Brief descriptive captions

· · · · · · ·

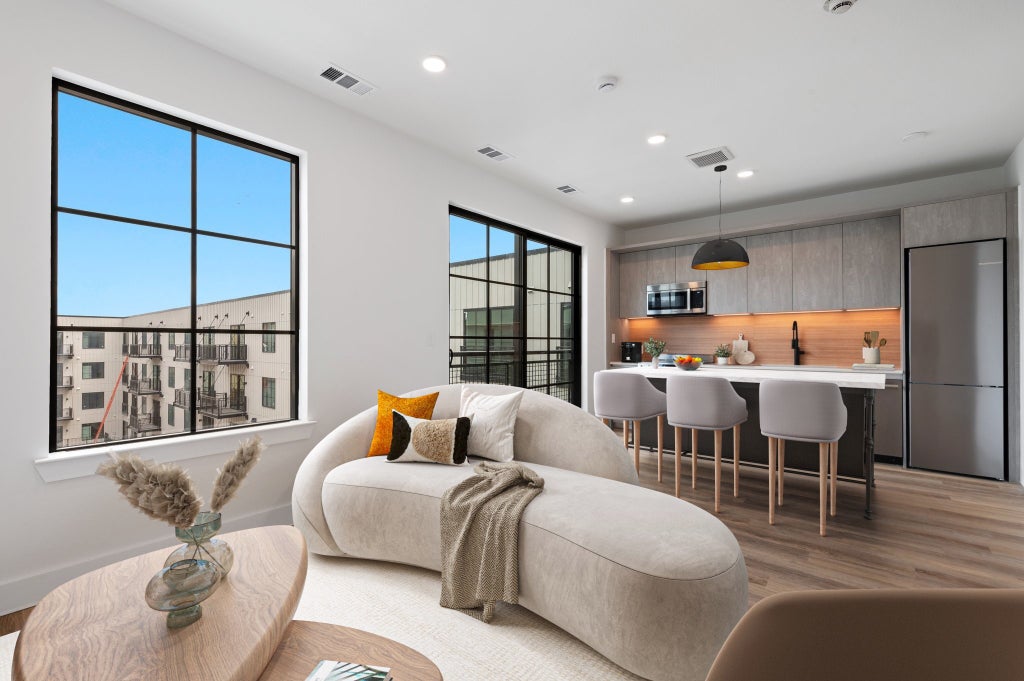 4315 S Congress Avenue 224, Austin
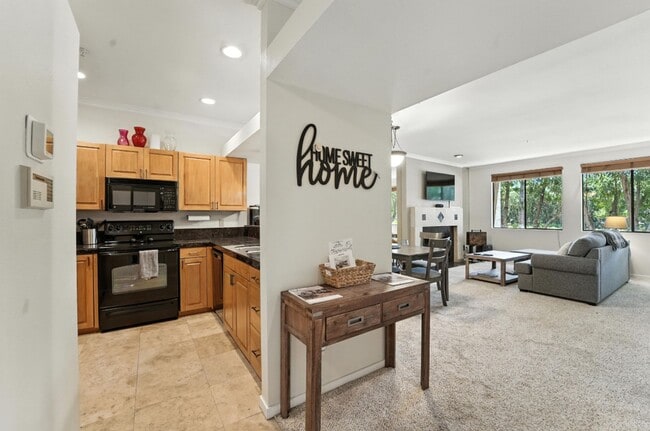Building Photo - Beautiful 2-Bed, 2-Bath Condo in Gainey Ra...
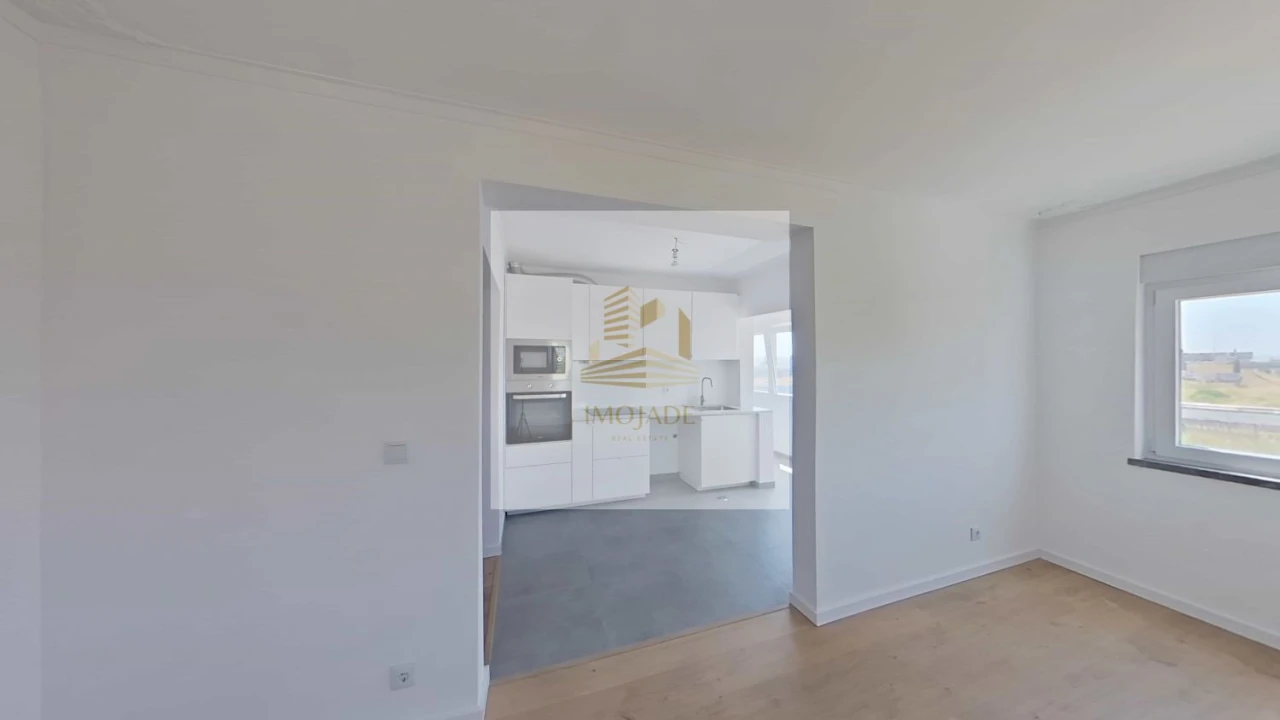 Apartamento T2 para Venda em Camarate, Unhos e Apelação Foto 28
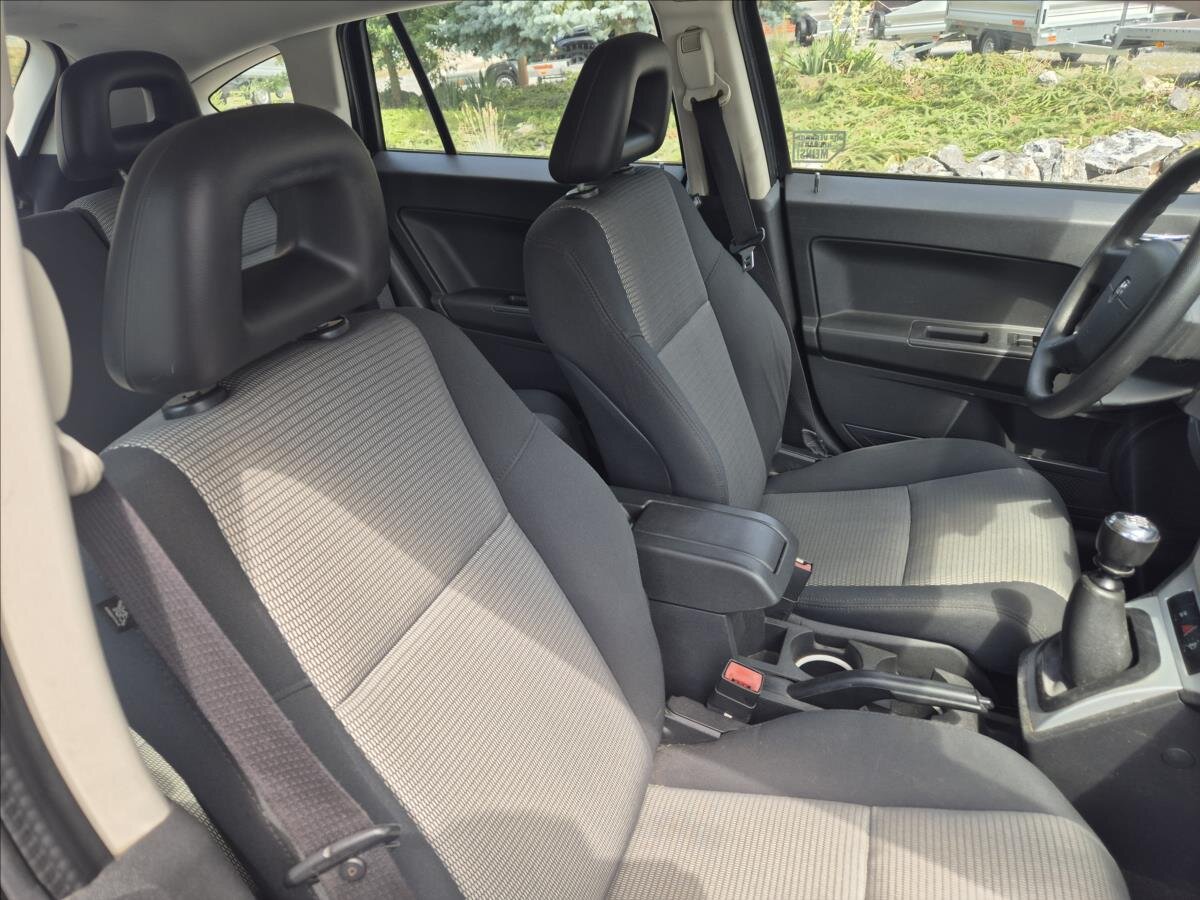 Dodge Caliber Hatchback 2,0 l 88 kw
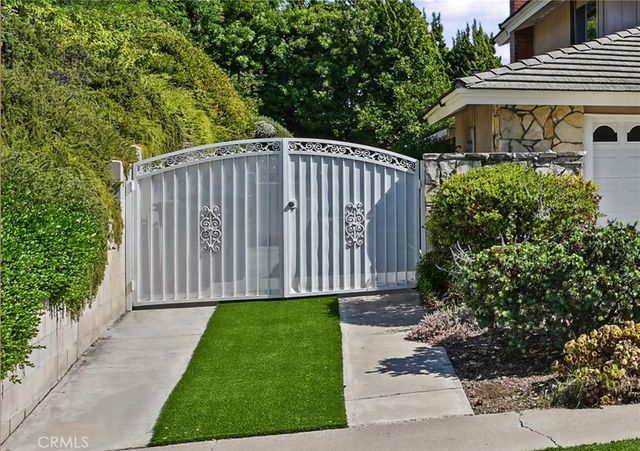 5062 W Knoll Drive, Yorba Linda, CA 92886
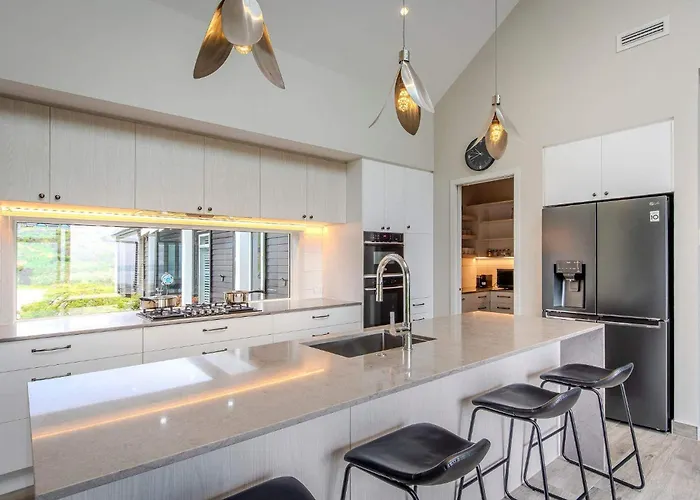 Jojo's Lookout - Stunning Views With Ferienhaus *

· · · · · · ·

• [Task to carry out] Set down every line of the entries above again, exactly as written, but not the pictures.

• [Output of the task]
 4315 S Congress Avenue 224, Austin
Building Photo - Beautiful 2-Bed, 2-Bath Condo in Gainey Ra...
 Apartamento T2 para Venda em Camarate, Unhos e Apelação Foto 28
 Dodge Caliber Hatchback 2,0 l 88 kw
 5062 W Knoll Drive, Yorba Linda, CA 92886
 Jojo's Lookout - Stunning Views With Ferienhaus *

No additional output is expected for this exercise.